| Instructions for the task |
Each line of the data below containing "floors" needs to be listed.

| Entries taken from a collection |
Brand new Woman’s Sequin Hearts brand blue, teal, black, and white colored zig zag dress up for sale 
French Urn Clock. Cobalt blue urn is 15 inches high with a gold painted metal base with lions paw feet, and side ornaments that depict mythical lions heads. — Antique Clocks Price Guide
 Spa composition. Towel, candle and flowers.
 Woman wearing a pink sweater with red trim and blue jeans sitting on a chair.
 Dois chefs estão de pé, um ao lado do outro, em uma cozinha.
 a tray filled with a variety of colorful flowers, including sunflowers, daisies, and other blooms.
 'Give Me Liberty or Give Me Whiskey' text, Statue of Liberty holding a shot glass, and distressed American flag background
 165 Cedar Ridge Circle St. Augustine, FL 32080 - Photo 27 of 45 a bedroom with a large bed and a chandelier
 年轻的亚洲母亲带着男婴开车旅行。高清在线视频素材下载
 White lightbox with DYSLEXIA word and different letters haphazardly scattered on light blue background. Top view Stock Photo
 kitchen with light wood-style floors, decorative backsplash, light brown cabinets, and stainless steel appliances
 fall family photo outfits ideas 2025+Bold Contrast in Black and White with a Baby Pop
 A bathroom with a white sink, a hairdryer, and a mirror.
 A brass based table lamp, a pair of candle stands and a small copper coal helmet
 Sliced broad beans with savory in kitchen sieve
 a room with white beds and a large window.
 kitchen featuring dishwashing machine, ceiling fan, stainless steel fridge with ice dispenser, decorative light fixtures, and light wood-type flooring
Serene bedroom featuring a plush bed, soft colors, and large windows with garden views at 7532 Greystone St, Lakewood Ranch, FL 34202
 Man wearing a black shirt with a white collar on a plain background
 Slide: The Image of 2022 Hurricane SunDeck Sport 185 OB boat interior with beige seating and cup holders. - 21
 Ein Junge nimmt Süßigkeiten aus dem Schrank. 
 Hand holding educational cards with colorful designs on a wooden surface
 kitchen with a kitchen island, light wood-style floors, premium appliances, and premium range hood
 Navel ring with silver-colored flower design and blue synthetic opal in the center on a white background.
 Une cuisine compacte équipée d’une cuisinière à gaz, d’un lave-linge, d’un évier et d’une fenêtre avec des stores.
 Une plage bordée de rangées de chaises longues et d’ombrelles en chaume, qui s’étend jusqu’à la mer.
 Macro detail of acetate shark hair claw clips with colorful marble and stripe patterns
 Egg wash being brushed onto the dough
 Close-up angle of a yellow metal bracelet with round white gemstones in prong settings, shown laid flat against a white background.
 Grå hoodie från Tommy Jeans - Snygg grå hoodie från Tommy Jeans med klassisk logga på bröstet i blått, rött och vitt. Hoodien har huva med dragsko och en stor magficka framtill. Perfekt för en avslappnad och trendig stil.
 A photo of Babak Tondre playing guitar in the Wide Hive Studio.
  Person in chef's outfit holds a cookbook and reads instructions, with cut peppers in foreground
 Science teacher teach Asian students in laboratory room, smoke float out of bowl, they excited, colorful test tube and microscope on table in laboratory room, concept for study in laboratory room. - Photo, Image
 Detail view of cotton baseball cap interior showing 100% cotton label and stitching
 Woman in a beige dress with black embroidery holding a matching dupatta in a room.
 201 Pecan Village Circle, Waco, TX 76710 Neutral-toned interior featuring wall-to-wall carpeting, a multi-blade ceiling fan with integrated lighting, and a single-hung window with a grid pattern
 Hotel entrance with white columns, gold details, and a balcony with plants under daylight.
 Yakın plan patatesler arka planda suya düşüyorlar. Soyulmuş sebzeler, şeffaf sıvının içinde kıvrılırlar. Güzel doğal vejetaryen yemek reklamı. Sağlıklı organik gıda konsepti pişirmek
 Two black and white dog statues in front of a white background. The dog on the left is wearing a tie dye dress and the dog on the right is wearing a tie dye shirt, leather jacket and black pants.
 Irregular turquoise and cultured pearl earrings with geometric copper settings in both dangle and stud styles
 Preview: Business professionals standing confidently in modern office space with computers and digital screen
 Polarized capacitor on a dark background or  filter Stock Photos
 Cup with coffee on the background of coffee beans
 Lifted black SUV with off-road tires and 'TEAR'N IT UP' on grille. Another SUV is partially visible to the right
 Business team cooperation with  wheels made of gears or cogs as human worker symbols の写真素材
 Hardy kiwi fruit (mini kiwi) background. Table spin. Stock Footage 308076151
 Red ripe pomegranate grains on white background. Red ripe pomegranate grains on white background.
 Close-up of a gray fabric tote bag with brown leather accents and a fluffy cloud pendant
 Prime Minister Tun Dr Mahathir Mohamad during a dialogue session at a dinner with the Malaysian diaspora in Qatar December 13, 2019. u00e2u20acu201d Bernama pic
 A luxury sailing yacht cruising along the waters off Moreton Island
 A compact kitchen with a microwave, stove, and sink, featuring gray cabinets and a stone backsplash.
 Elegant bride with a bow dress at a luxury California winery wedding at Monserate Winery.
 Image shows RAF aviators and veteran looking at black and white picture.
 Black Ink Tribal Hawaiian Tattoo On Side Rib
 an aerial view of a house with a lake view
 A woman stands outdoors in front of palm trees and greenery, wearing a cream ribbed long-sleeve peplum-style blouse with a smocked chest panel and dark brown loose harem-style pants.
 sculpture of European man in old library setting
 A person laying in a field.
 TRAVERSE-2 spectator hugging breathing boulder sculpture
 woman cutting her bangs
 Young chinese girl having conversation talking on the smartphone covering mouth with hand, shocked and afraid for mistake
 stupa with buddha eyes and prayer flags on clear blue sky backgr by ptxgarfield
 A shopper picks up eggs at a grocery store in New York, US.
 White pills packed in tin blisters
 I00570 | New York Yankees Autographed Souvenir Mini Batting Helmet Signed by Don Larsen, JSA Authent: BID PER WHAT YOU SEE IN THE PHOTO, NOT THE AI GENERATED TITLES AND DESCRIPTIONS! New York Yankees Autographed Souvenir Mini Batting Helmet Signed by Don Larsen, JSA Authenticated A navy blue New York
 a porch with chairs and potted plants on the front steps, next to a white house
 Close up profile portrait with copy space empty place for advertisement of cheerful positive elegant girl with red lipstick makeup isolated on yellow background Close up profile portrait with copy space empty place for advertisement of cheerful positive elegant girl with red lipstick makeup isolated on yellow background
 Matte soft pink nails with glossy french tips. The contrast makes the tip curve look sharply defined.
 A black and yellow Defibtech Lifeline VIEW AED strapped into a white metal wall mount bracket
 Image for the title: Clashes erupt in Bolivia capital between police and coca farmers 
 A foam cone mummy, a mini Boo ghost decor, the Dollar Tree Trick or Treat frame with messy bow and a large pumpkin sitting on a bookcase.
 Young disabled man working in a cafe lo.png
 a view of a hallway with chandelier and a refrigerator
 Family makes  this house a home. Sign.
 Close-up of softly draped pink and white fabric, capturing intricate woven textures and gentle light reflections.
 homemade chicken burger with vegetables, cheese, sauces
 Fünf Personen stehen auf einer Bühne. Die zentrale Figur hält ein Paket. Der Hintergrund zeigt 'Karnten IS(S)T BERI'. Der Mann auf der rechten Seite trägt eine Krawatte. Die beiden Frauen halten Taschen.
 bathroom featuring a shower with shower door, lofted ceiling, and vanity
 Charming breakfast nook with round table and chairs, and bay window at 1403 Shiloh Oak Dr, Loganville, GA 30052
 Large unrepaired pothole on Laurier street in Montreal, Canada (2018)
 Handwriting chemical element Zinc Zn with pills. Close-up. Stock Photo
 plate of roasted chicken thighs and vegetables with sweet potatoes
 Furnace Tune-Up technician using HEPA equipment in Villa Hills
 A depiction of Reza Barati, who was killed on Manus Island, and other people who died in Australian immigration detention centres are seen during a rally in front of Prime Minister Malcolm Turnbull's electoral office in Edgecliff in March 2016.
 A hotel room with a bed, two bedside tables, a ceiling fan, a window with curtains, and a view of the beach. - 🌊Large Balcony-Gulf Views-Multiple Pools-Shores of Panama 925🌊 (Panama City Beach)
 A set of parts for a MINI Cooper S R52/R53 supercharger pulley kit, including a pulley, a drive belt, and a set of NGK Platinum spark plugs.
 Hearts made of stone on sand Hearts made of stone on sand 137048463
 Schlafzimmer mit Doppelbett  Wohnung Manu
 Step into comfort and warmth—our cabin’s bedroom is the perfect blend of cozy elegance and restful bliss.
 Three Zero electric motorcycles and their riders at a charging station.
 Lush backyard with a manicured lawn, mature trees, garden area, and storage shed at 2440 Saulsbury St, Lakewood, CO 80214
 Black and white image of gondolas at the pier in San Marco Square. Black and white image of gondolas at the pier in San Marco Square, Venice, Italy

| Exercise output |
 kitchen with light wood-style floors, decorative backsplash, light brown cabinets, and stainless steel appliances
 kitchen with a kitchen island, light wood-style floors, premium appliances, and premium range hood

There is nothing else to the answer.